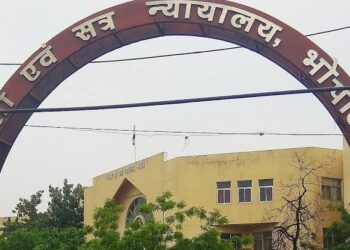 नाबालिक लडकी को बहला फुसलाकर कर गलत काम करने वालो की अब खैर नही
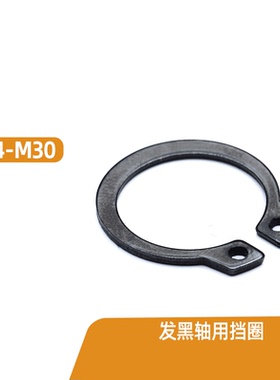 M3M4M5M6M7-M160 发黑轴用弹性挡圈GB894轴卡外卡C型卡簧卡环65Mn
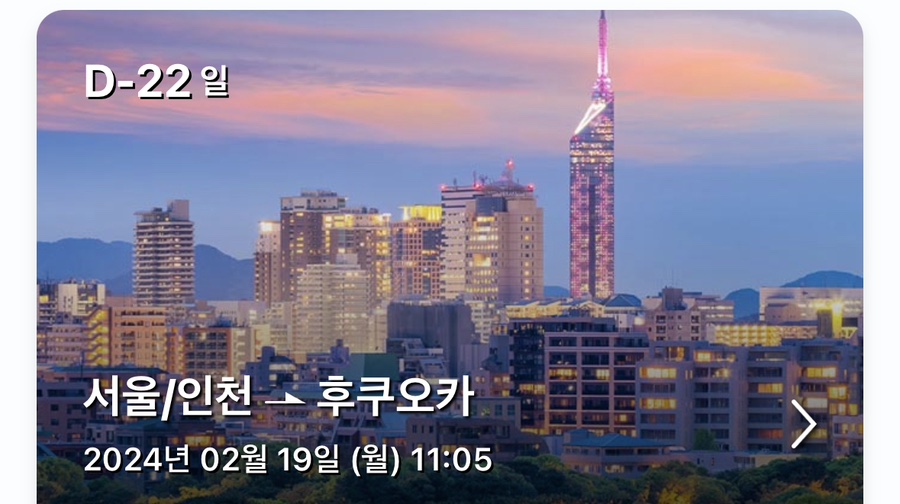 함흥냉면동물원옆 이미지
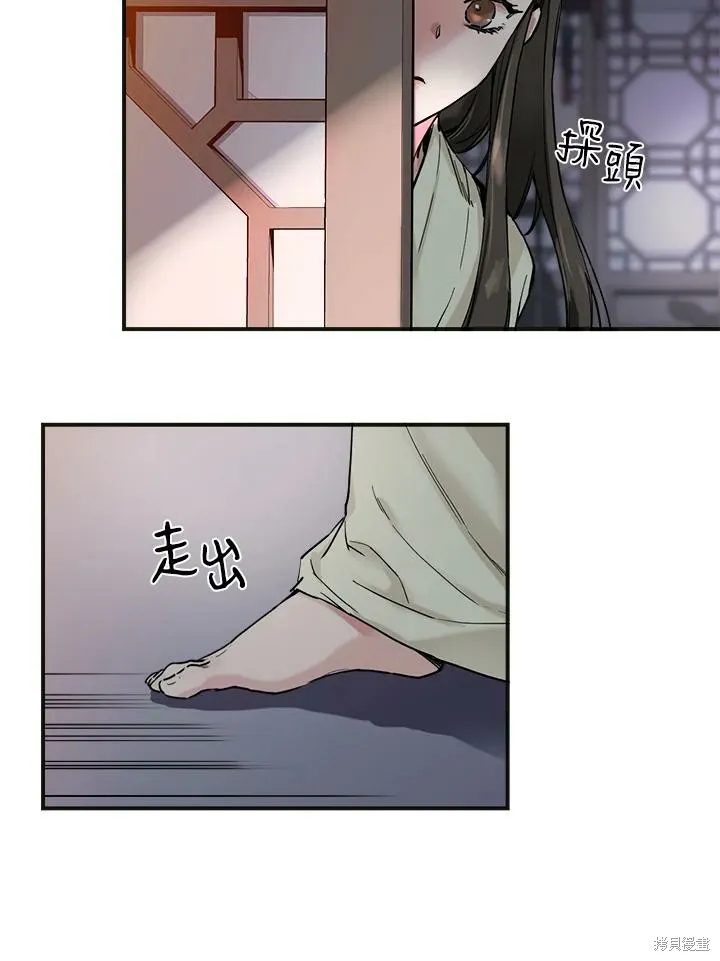 第02话 第5页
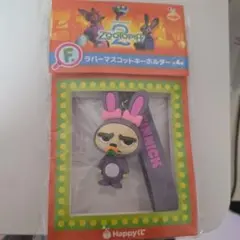 Item thumbnail for item 2a2bdc25-c803-4d77-aa2a-958232817480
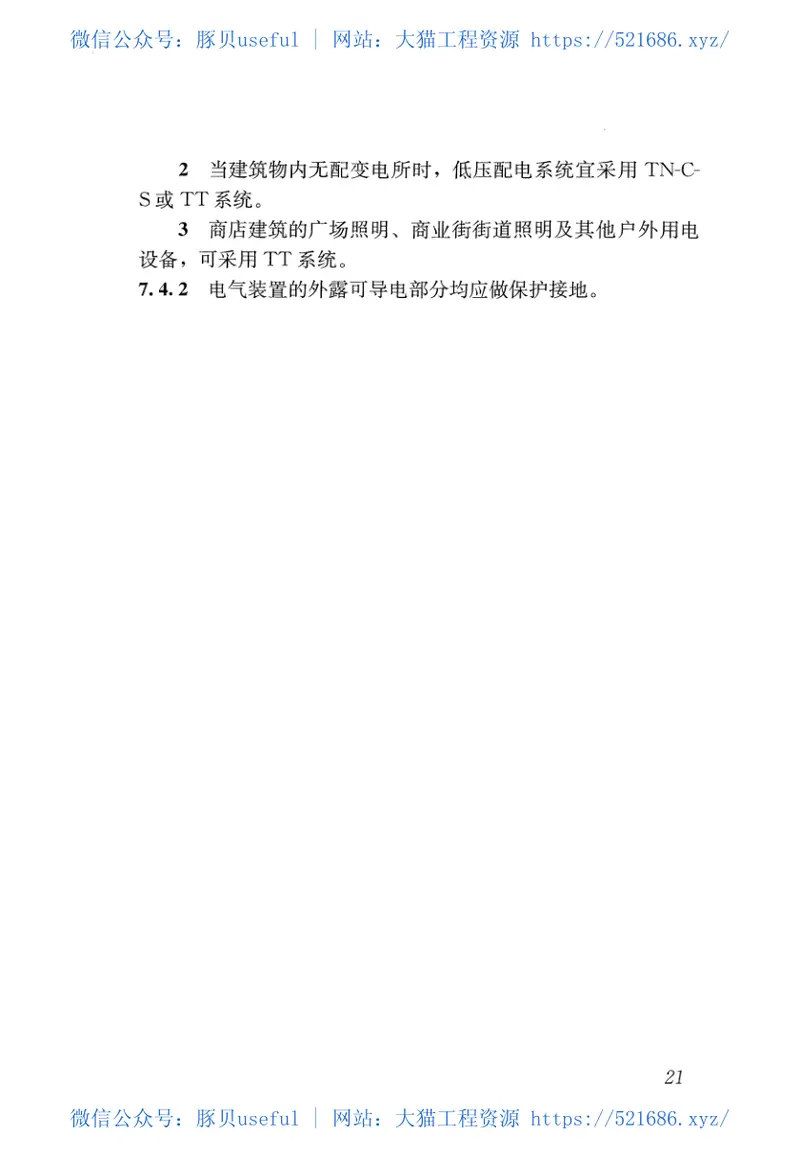 JGJ392-2016商店建筑电气设计规范 预览图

════

• Task to carry out:
If pictures are present, they are dropped, and the entries above are written out word for word.

• Task output:
 नाबालिक लडकी को बहला फुसलाकर कर गलत काम करने वालो की अब खैर नही
 M3M4M5M6M7-M160 发黑轴用弹性挡圈GB894轴卡外卡C型卡簧卡环65Mn
 함흥냉면동물원옆 이미지
 第02话 第5页
 Item thumbnail for item 2a2bdc25-c803-4d77-aa2a-958232817480
 JGJ392-2016商店建筑电气设计规范 预览图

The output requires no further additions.